Lorsqu’un enfant ou un adolescent est accusé d’une infraction, les réactions sont souvent mêlées d’inquiétude et d’incompréhension.
– Comment la justice traite-t-elle un mineur ?
– Existe-t-il une différence avec les adultes ?
– Que peuvent faire les parents pour l’accompagner ?
Cet article a pour objectif de présenter de manière claire et accessible les grands principes de la justice pénale des mineurs en France, afin d’aider les familles concernées à mieux comprendre ce à quoi elles peuvent s’attendre.
Un principe fondamental : la justice pénale des mineurs est spécifique
En France, les mineurs bénéficient d’un régime pénal distinct, régi notamment par l’ordonnance du 2 février 1945 (récemment codifiée dans le Code de la justice pénale des mineurs).
L’objectif n’est pas de punir de la même manière qu’un adulte, mais plutôt de protéger, éduquer et réinsérer le mineur dans la société.
Cela se traduit par plusieurs principes essentiels :
- La primauté de l’éducatif sur le répressif
- Une atténuation de la responsabilité pénale liée à l’âge
- Des procédures adaptées à l’âge et à la maturité du mineur
À partir de quel âge un mineur peut-il être poursuivi ?
En droit français, un enfant est pénalement responsable dès l’instant où il est capable de discernement.
Il n’existe pas d’âge fixe, mais en pratique, les poursuites ne sont envisagées qu’à partir de 13 ans (âge minimum pour une sanction pénale).
Avant cet âge, des mesures éducatives ou d’assistance peuvent être décidées, mais pas de condamnation pénale au sens strict.
Quelles sont les étapes de la procédure pour un mineur ?
1. Interpellation ou convocation
Le mineur peut être interpellé par la police ou convoqué pour être entendu.
Dans certains cas, il peut être placé en garde à vue, avec des droits renforcés (durée limitée, présence obligatoire d’un avocat, droit à prévenir un responsable légal, etc.).
2. Présentation devant le juge
Le mineur peut être présenté devant :
- Un juge des enfants : compétent pour les infractions simples ou les premières situations,
- Ou le tribunal pour enfants : en cas d’affaires plus graves ou en cas de récidive.

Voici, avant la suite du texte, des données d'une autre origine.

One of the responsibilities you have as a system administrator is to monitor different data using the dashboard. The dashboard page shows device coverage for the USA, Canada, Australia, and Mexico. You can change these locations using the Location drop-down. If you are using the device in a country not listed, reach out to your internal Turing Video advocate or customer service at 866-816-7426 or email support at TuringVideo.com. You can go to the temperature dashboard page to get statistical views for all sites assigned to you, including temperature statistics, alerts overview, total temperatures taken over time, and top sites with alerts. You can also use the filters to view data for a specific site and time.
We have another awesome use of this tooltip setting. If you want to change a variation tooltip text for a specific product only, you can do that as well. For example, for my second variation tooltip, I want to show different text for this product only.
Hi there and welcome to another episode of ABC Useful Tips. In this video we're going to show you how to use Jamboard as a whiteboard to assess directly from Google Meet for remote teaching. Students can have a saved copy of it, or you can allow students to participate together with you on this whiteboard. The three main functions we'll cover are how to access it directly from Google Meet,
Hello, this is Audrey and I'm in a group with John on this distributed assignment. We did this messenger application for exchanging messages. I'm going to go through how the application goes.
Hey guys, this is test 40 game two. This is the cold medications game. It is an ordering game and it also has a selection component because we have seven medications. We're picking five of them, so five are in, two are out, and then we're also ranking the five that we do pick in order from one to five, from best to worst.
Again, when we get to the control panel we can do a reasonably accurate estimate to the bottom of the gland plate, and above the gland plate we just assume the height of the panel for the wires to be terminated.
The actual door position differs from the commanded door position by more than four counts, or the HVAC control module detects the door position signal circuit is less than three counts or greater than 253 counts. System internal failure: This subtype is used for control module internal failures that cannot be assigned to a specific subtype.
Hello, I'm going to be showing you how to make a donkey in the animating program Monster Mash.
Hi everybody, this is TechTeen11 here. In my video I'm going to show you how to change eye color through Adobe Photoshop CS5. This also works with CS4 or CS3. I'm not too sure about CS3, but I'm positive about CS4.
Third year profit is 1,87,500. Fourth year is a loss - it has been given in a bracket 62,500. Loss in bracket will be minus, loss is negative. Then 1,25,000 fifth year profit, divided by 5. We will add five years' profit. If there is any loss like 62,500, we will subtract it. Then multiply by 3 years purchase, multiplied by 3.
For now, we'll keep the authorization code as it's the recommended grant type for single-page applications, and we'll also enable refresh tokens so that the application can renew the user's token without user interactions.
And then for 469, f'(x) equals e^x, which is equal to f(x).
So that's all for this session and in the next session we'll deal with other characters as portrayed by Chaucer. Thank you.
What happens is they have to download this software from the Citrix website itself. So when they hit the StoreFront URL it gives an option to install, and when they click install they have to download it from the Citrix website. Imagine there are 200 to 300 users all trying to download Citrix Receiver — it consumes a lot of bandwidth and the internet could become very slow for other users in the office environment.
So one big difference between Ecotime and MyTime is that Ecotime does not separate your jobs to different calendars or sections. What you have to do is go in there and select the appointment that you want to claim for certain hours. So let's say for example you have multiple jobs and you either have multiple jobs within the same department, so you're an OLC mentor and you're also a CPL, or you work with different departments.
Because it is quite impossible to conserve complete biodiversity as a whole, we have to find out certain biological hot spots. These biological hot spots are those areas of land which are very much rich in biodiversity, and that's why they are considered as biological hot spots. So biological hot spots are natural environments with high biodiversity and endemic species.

Depuis 2021, une nouvelle procédure en deux temps est en vigueur : une audience de culpabilité, suivie, plusieurs mois plus tard, d’une audience sur la sanction. Cette temporalité vise à permettre une évaluation éducative approfondie.
3. Mesures possibles
Selon l’âge, les faits et la personnalité du mineur, plusieurs types de mesures peuvent être envisagés :
- Mesures éducatives : mise sous protection judiciaire, placement, réparation du dommage, obligation scolaire, etc.
- Sanctions éducatives : stages de citoyenneté, interdiction de paraître dans certains lieux, etc.
- Peines pénales (à partir de 13 ans) : amendes, travaux d’intérêt général, incarcération (en dernier recours et dans des établissements spécialisés).
Et le rôle des parents dans tout cela ?
Les parents ou représentants légaux sont étroitement associés à la procédure.
Ils doivent être informés à chaque étape et sont entendus par le juge. Ils peuvent :
- Être présents lors des auditions,
- Être assistés d’un avocat avec leur enfant,
- Être entendus pour donner leur point de vue sur la situation familiale ou éducative.
Dans certains cas, leur responsabilité civile peut également être engagée si le mineur a causé un dommage.
Que faire si votre enfant est poursuivi ?
Voici quelques réflexes essentiels :
- Ne pas minimiser la situation : même mineur, votre enfant fait l’objet d’une procédure sérieuse.
- Consulter rapidement un avocat : l’assistance d’un avocat est obligatoire pour les mineurs, mais elle est surtout essentielle pour comprendre la procédure, défendre ses droits et préparer les audiences.
- Préparer l’audience avec sérieux : le juge s’intéresse aussi à l’évolution du mineur, à son entourage, à son comportement depuis les faits. Il ne s’agit pas seulement de juger une infraction, mais d’évaluer une situation globale.
Une justice tournée vers la réinsertion
La justice des mineurs en France repose sur une conviction forte : un jeune en difficulté peut changer de trajectoire s’il est accompagné.
C’est pourquoi les décisions visent d’abord à éviter l’engrenage de la récidive, en travaillant sur l’environnement, la scolarité, la formation ou encore le lien familial.
Conclusion
Être confronté à la justice pénale en tant que mineur (ou parent de mineur) est une épreuve. Mais il est essentiel de comprendre que des droits existent, que des garanties sont prévues par la loi, et que l’accompagnement par un avocat est indispensable pour traverser cette procédure le plus sereinement possible.